# Meet-N-Greets???



## stelmon (Sep 21, 2000)

With the up coming winter I am sure there will be meet n greets hopefully all over the state of michigan. Even though I don't always have stuff to talk about, I always fine time in my busy week to get togather with buddies and here stories. I know everyone has obligations with family or sports team, ect. So here is a poll that can help plan more meet n greets and when more people will be available. I am going to put each day in the week because you never know. As fas as this goes, when is the next meet n greet for the south eastern side. Seems like the 1rst of the month is rolling around.


----------



## riverboy (Mar 20, 2002)

I would have to say a weekday just because, Im usally on a river during the weekend. But during the week might not be good either seeing how Im from Mid-Mich, there will be travel time and I start work at 5:30 am so a late night is no good either!

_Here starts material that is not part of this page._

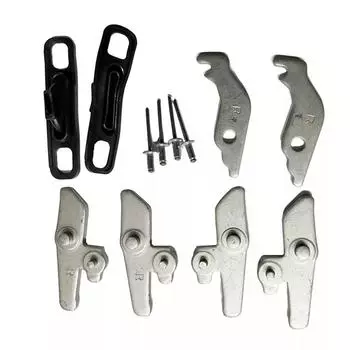 Рычаг стояночного тормоза для Ford F-150 F-250 Expedition 924-741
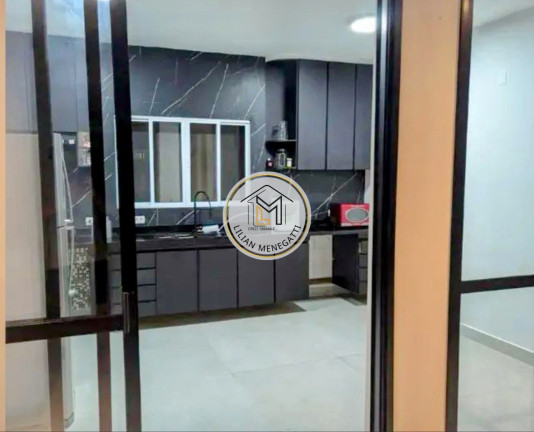 Imagem Imóvel com 5 Quartos à Venda, 360 m² em Alphaville - Santana De Parnaíba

But if we started them early say around 6 or so that wouldnt be to bad


----------



## Kevin (Oct 4, 2000)

I have been hunting either Wednesdays or Thursdays, then either Sat or Sun.

I would propose Mondays, (I usually have a beer and watch Monday Night Football anyway  )

My availability has not been reliable enough to plan for, though, so whatever everyone else decides, I will just do my darndest to make it.

M-N-G's are a lot of fun, let's try to keep them going.

Kevin


----------